This web site provides software for detecting the reuse of written language across thousands or even millions of documents. In addition to helping to reduce the impact of plagiarism on our world, that software can study the migration of the written word through many interesting processes of civilization and society. As an academic, I am always interested in collaborations that will lead to peer-reviewed publications. If you have an interesting project that involves sifting through vast collections of documents for reused language, please contact me about a joint endeavor.
— Lou Bloomfield, Professor of Physics, University of Virginia
Our tiny company is producing EarJellies Earplugs, made from a shape-memory material (MemorySil®) that I invented at the University of Virginia. You can obtain these earplugs on Amazon or at our online store, EarJellies.com — Lou Bloomfield
About Plagiarism:
Plagiarism is the misrepresentation of authorship. Typically, words and ideas conceived by one person are attributed to another person. Plagiarism is a form of intellectual theft or fraud and it undermines the intellectual economy that values ideas, words, and understanding. Even when an act of plagiarism appears superficially a victimless crime, it nonetheless devalues the currency of human thought and thereby weakens society.
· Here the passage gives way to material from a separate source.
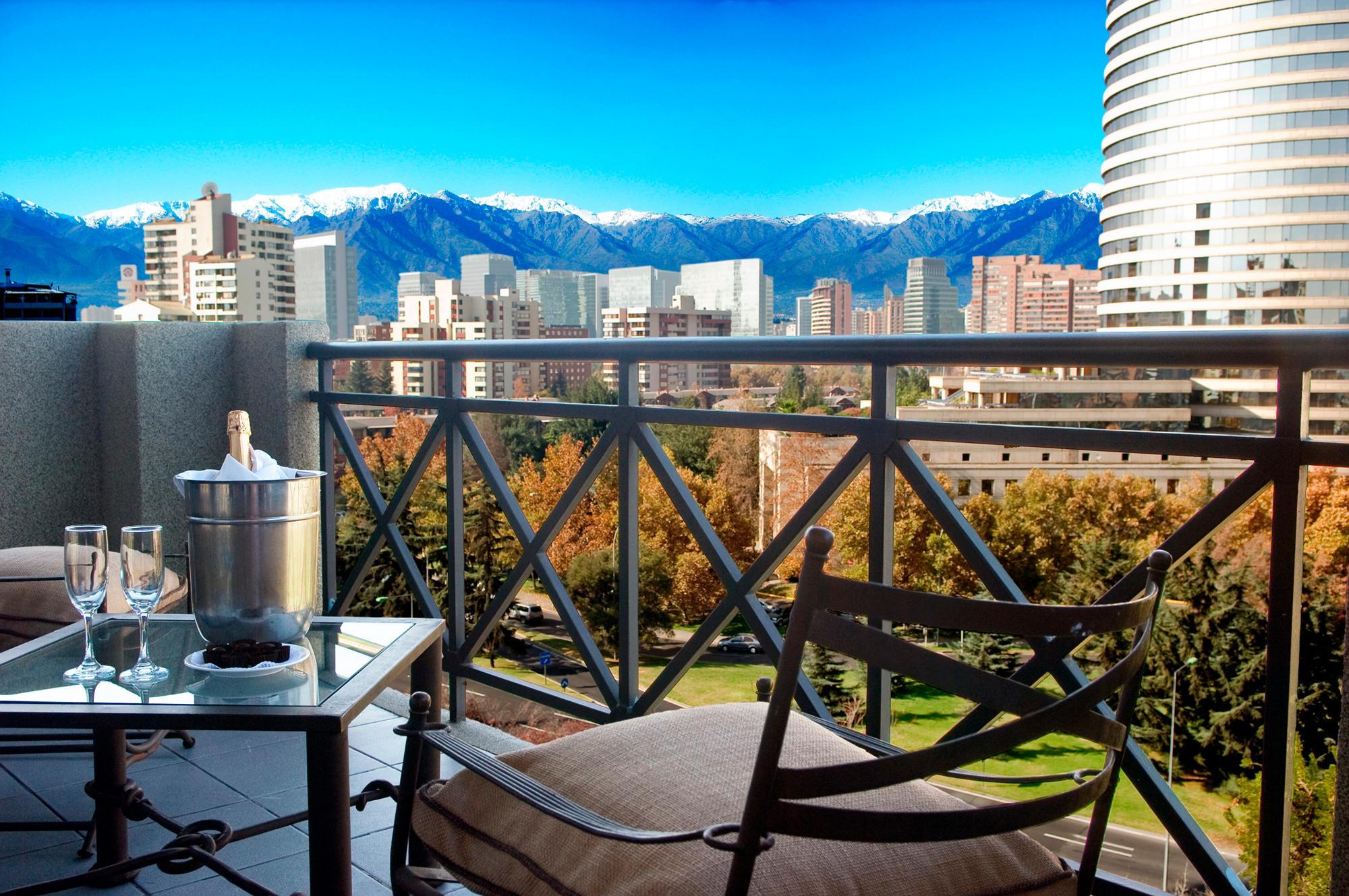 Wyndham Garden Santiago Kennedy Hotel Eksteriør billede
In the most common form of plagiarism, one author’s words are inserted verbatim in the work of a second author, without quotation, acknowledgement, or attribution. But there are many other forms of plagiarism, including some that are often accepted or even encouraged by society, notably ghostwriting, speech-writing, and paraphrasing.
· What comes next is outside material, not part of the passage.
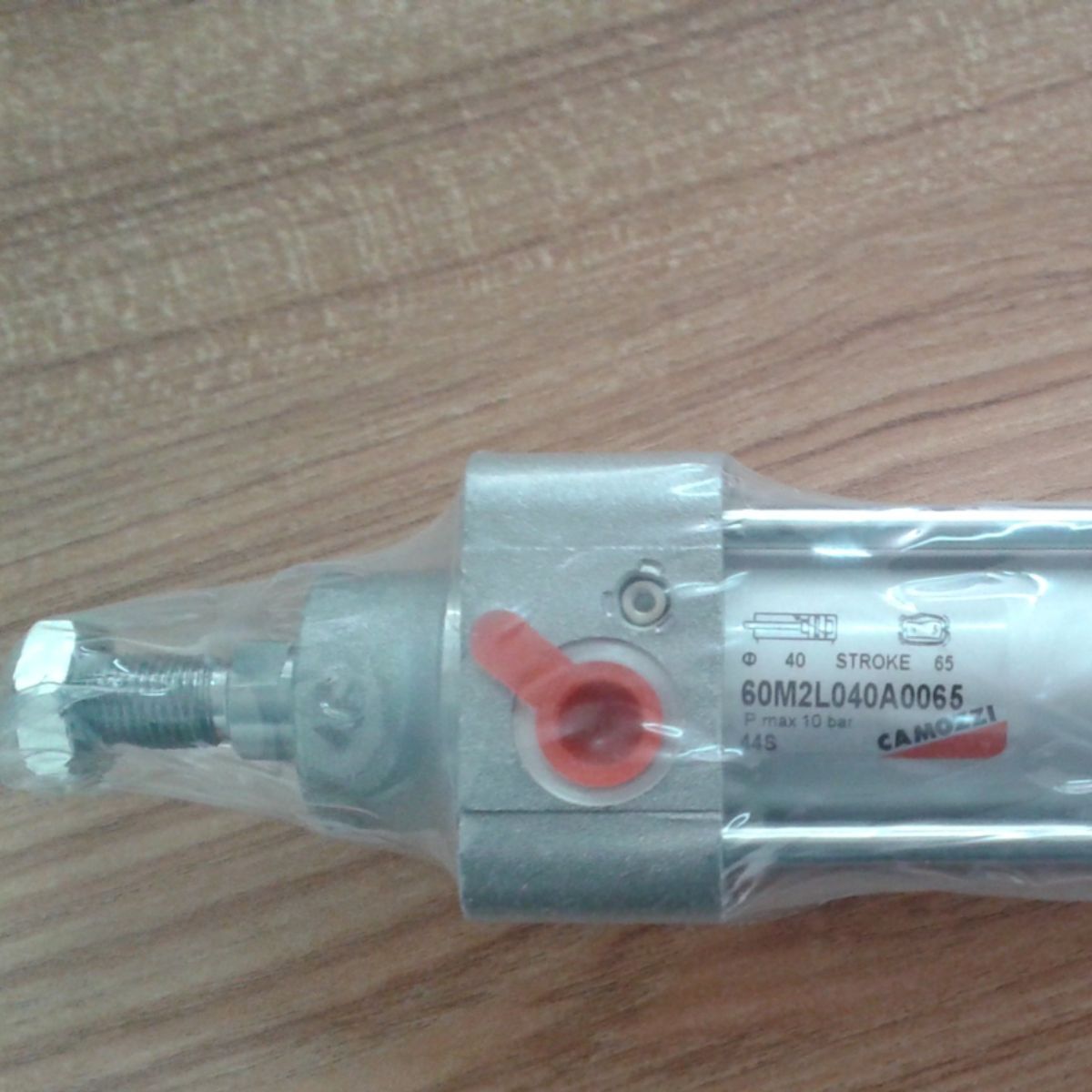 CAMOZZI 康茂胜(康茂盛) 60系列气缸 60M2L125A0125气动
Plagiarism is not a black-and-white issue because many of our ideas and words derive from those of others, and what constitutes true intellectual theft or fraud often involves some degree of subjectivity. Moreover, each context has its own rules regarding the need for accurate attribution of authorship and those rules are not always obvious to everyone. Reasonable people may even disagree about those rules, so defining them clearly and explicitly is always a good idea.
What this Site Provides:
Software for Detecting Plagiarism
WCopyfind is an open source windows-based program that explores a collection of documents, looking for matching language. If you have a collection of documents that you think might contain plagiarized content, you can check them quickly with this free software.
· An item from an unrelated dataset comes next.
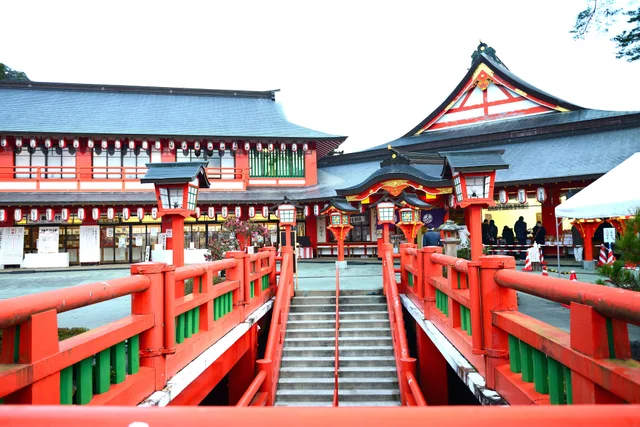 ⛩ Vẻ đẹp linh thiêng của đền Taikodani Inari giữa núi rừng hùng vĩ
🏮 Taikodani Inari là đ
Thoughts and Ideas about Plagiarism, Education, and Society
Lou Bloomfield’s writings about issues relating to plagiarism, writing, scholarship, authorship, credentialing, integrity, and ethics.
Can I have the Programme?
The program is available for download at: WCopyfind
Este programa, tiene bases de datos únicamente en inglés?, o en qué idiomas no más trabajan?
Gracias
José
(José Antonio wrote: This program has databases in English only? Or in which languages does it work?)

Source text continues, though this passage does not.